Bu amansız yarışta sık, sık telifi ödenip alınan eserlerin büyük prodüksiyonlarına karşı, piyasanın korsan yapımcıları kolları sıvar, aslı daha vizyona girmeden ayni eser, ya da en azından ismi aynı olan eser , jet hızı ile filme alınır ekspres olarak, 2. Ayakta vizyona sokulurdu. Tabii bu durum sonucunda, beklenen kıyamet kopunca da akıl almaz formüllerle hukuk savaşı verilirdi. Anımsıyorum Uğur Film Keşanlı Ali için telif ödemiş, dev bir kadro ile çekimlere başlamış bu arada, uyanık bir yapımcı da kolları sıvamış oda Keşanlı Ali’yi çekiyor.
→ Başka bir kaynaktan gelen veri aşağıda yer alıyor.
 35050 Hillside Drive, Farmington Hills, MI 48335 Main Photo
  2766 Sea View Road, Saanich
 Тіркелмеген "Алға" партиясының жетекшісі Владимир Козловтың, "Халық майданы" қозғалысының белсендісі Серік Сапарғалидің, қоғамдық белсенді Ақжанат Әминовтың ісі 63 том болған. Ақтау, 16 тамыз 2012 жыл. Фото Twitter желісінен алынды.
Uğur Film daha çekimleri tamamlamadan çakma Keşanlı Ali‘nin feneri sinemanın üstüne boylu , boyunca asılınca doğaldır ki, avukatlar devreye girer, yapımcıya ihtar çekilir. Ancak Keşanlı Ali ismini çalan yapımcı, elbette kılıfını hazırlamıştır. Benim filmimin adı Keşanlı Ali değil, sadece Keşanlı’dır der. Avukatlar itiraz eder, Fenerin fotoğrafını çıkartıp gösterirler, “Bakın, burada filmin ismi olarak aynı puntolarla Keşanlı Ali yazmaktadır” derler. Yapımcı “Efendiler, yine yanılıyorsunuz. Benim çektiğim filmin adı Keşanlı, Operatörümün adı ise Ali’dir der. Bunun üzerine afişin fotoğrafı hep birlikte dikkatlice incelenir, Keşanlı Ali isminin yanında minnacık harflerle soyadı olan Yaver, yine kocaman puntolu Ali isminin üstünde ise minnacık harflerle operatör unvanı bulunmaktadır.
İşte hayal dünyası olan sinemada , buna benzer nice hayal ürünü olan gerçek hikayeler vardır.
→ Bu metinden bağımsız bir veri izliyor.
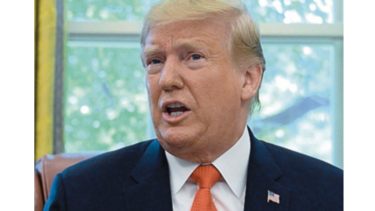 Gobierno de Trump defiende las bombillas incandescentes
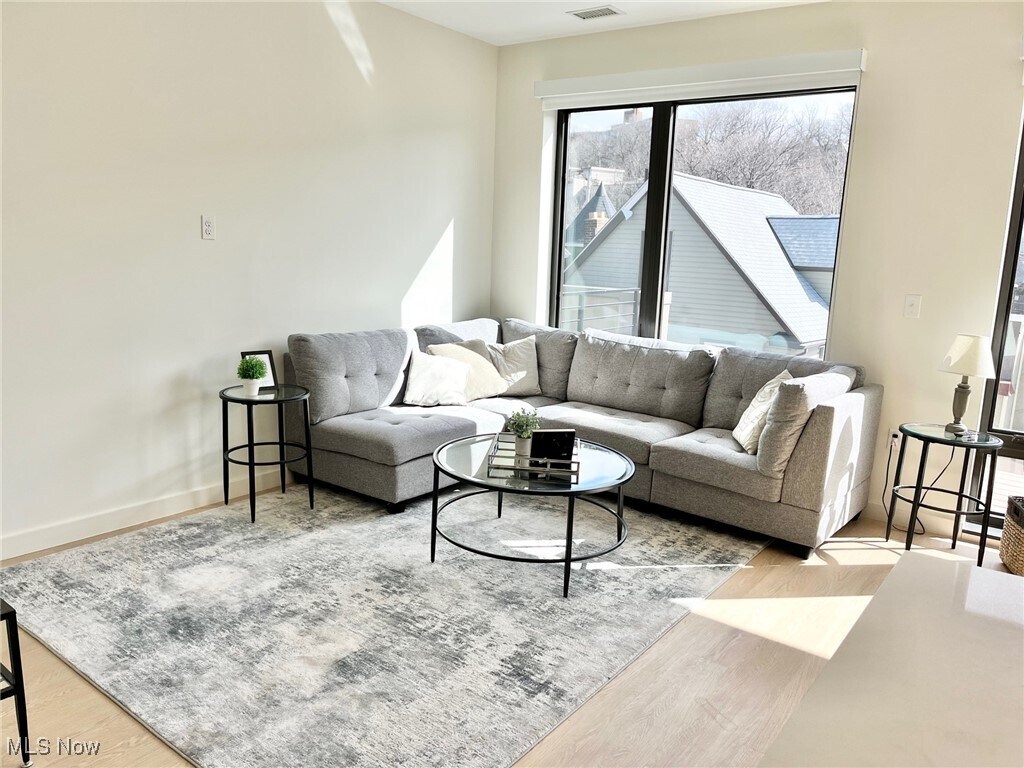 2189 Cornell Rd Cleveland, OH 44106 – photo 3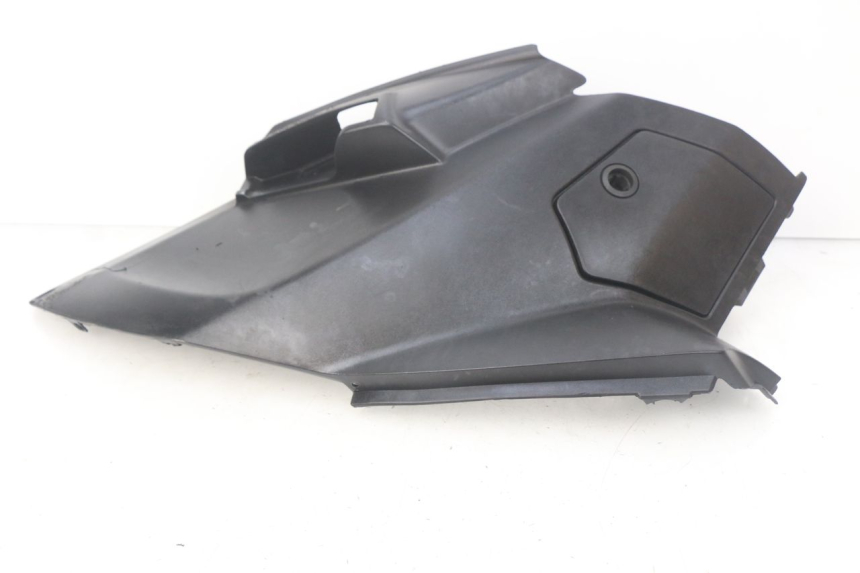 photo de TAPA DEBAJO DEL ASIENTO IZQUIERDO PEUGEOT CITYSTAR 50 (2013 - 2017)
Tüm bu renkli olayların tam ortasında, bir taraftan gece gündüz çalışırken, işin havadan yattığı günlerde, Fevzi – Fehmi Eryılmaz, Orhan – Suat Kapkı’nın bulunduğu Erhan Canan’ın ara sıra uğradığı yazıhanede Halit’le birlikte Hayat – Ses Mecmuası bilmeceleri çözer, ekipler halinde, pasajına sessiz sinema oynanırdı. Bazen kocaman farelerin kol gezdiği apartman boşluğundan bağrışmalar gelir, Abanoz sokağa açılan kapısından baskına uğrayan , randevu evinin ağır işçileri, arka pencereden farelerin şaşkın bakışları arasında, bizim pencereye atlarlar ve hiç istiflerini bozmadan bizim yazıhanenin kapısından çıkıp usulca karanlığa karışırlardı.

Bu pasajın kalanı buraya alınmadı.